Questa è proprietà privata, chiunque voi siate non avete il permesso di... -

-  Mi aiuti... per favore... - lo interruppe Ellie con un sussurro. 
Il maggiordomo, confuso dall'inaspettato intervento, abbassò gli occhi sulla giovane figurina che, tremante, tentava di sorreggersi reggendosi allo stipite. Sbigottito, rimase qualche istante a fissare l'inattesa ospite, finché, resosi conto della gravità delle situazione, mosse un passo avanti per aiutarla. Ma era troppo tardi. Prima che potesse gettarsi in suo soccorso, la ragazza si accasciò a terra perdendo i sensi. 

Signore! Signore! - chiamò a gran voce il vecchio piegandosi sul corpicino riverso - Venite per cortesia... una fanciulla svenuta... non so cosa fare... accorrete... presto! -

La musica, che fino ad allora aveva aleggiato nell'aria dell'intera villa, cessò di botto e un altro uomo, decisamente più giovane del precedente e abbigliato con una giacca da camera nera, fece il suo ingresso spalancando bruscamente una porta.
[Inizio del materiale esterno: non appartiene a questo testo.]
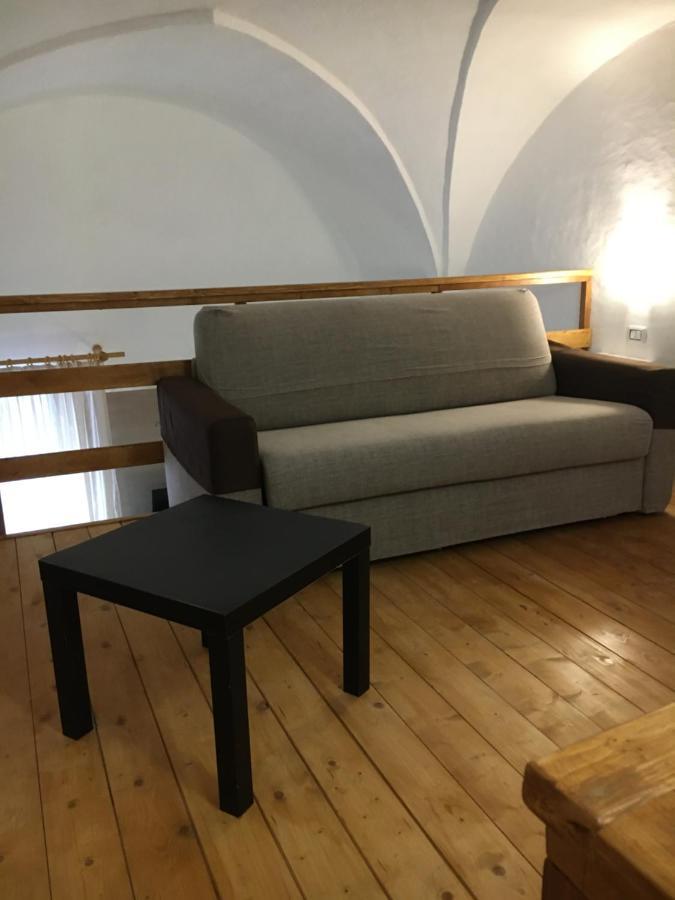 Casa Cortes Hotel Гроталие Екстериор снимка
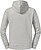 Sweatshirt com capuz Authentic RU265M - imagem 4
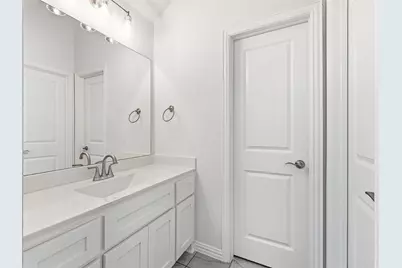 913 Peabody Drive, McKinney, TX 75071 - Photo 23
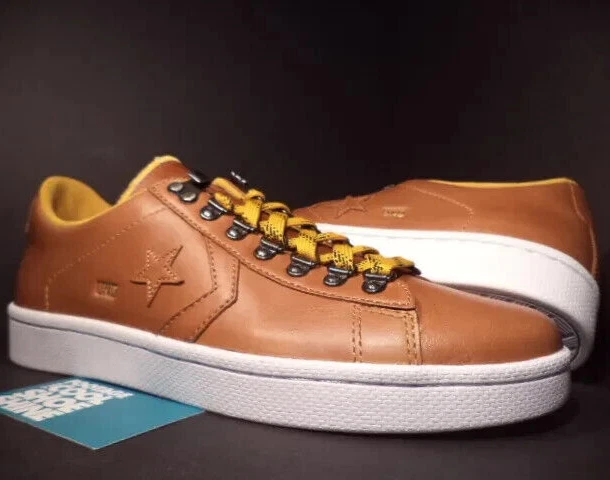 Undftd converse on sale
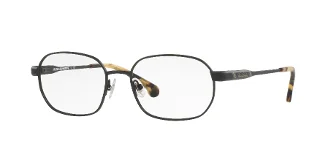 Brooks Brothers Eyeglasses BB1049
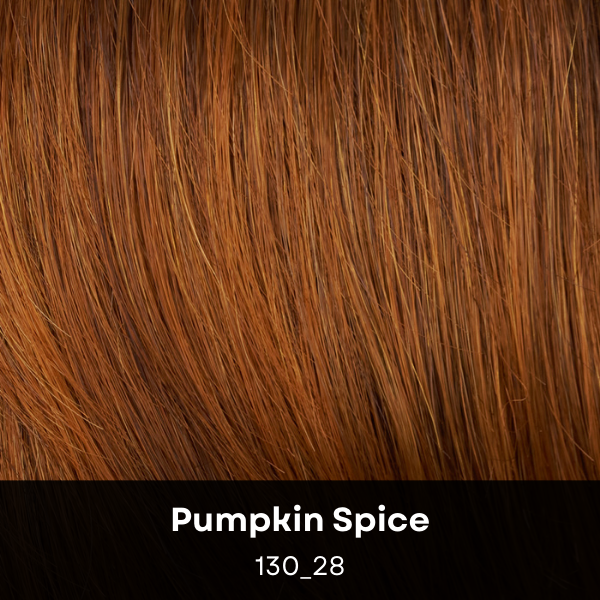 Pumpkin_Spice.png
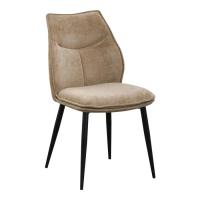 Кухонный стул Special4You Sydney beige Фото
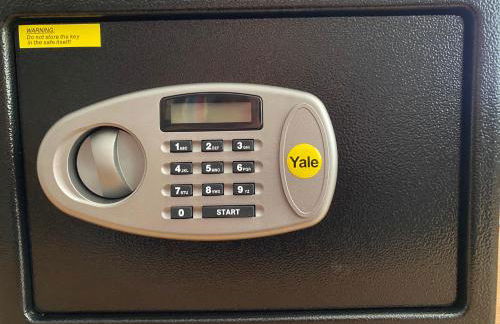 Villa Karras - Photo 60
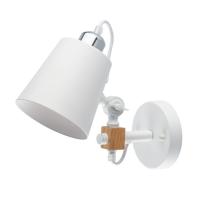Настенные бра — Бра MW-Light 693021301 купить в  Настенные бра — Бра MW-Light 693021301 купить в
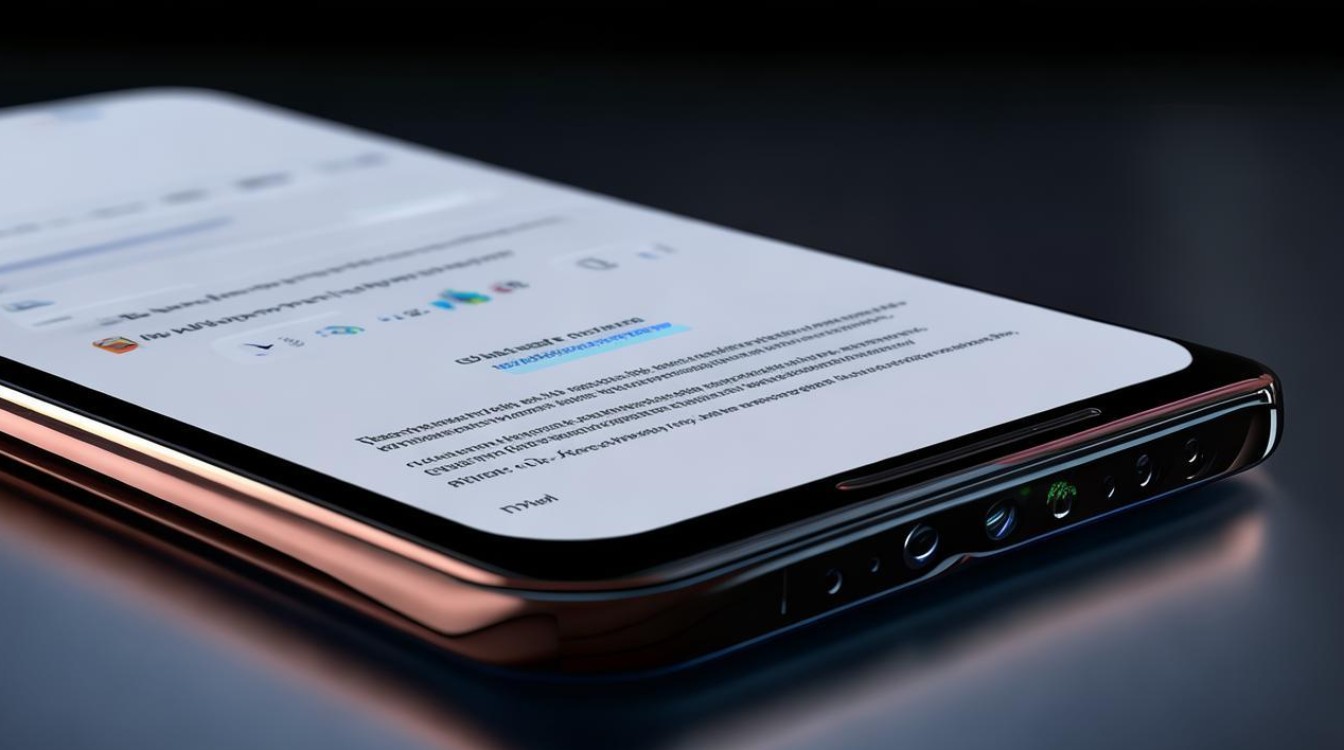 小米13Pro天玑版微信朋友圈置顶如何设置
Ma insomma Sebastian! - sbottò alterato - Avevo espressamente chiesto di non essere disturbato... - non terminò la frase e rimase a bocca aperta. La vista di una ragazza che giaceva immobile sul suo pavimento di marmo lo aveva relativamente sconcertato. 
Senza pensarci due volte, quindi, si diresse a grandi passi verso il vecchio che invano cercava di rianimarla. 
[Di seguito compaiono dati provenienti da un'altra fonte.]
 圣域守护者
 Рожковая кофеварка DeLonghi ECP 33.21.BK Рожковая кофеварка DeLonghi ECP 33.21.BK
Che è successo? Chi è la ragazza? - domandò avvicinandosi.

Non ne ho la minima idea Signore... è viva comunque... e credo abbia un principio di congelamento. - rispose mentre teneva il polso di Ellie per rilevarle i battiti cardiaci.

Intanto, due cani, che si trovavano entrambi nella Sala da cui era uscito il ragazzo ed erano stati richiamati sul posto dalla confusione, cercavano affannosamente di farsi strada verso la fanciulla che, invece, non accennava a riprendersi. Prima che potessero però lambirle il viso con le loro lingue raspose o annusarla con i loro tartufi umidi, il ragazzo, prevedendo le loro intenzioni, li trattenne afferrandoli per la collottola.
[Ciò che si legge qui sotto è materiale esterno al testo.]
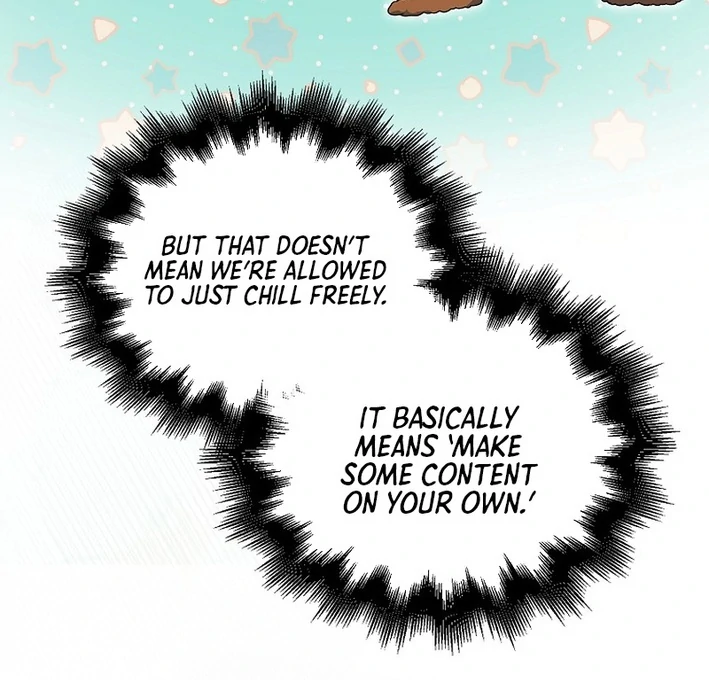 Read Debut or DieB EN Manga Online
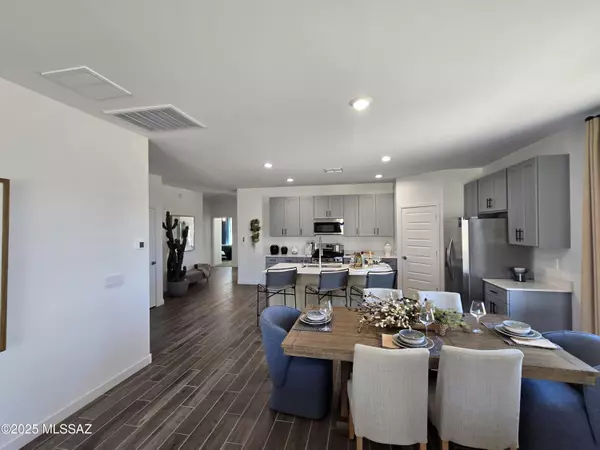 Vail, AZ 85641,14031 E Canidae DriveE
Sebastian chiudili nella serra altrimenti la calpesteranno. Poi chiama un dottore o un ambulanza... io intanto penso a lei. - ordinò affidando le bestiole al suo maggiordomo che annuendo le condusse, seppur con una certa fatica, fuori dell'ingresso, lontano dalla ragazza.

Poco dopo l'anziano servitore tornò dal suo padrone che nel frattempo aveva sistemato la giovane ospite sul divano. Non l'aveva spogliata degli abiti bagnati ma aveva cercato di coprirla alla bene meglio. 

Signore” proruppe Sebastian visibilmente agitato - Il telefono sembra isolato e la pioggia non accenna a diminuire... cosa pensa di fare...?- domandò quindi preoccupato.

Il ragazzo sospirò sonoramente ed incrociò le braccia al petto.

Per ora solo scaldarla. Attenderemo che si desti per decidere il da farsi. - mormorò osservando pensieroso la sagoma immobile di Ellie. - Prepara un bagno caldo, ne avrà bisogno. - concluse infine abbandonando rapidamente la stanza per recarsi al piano superiore.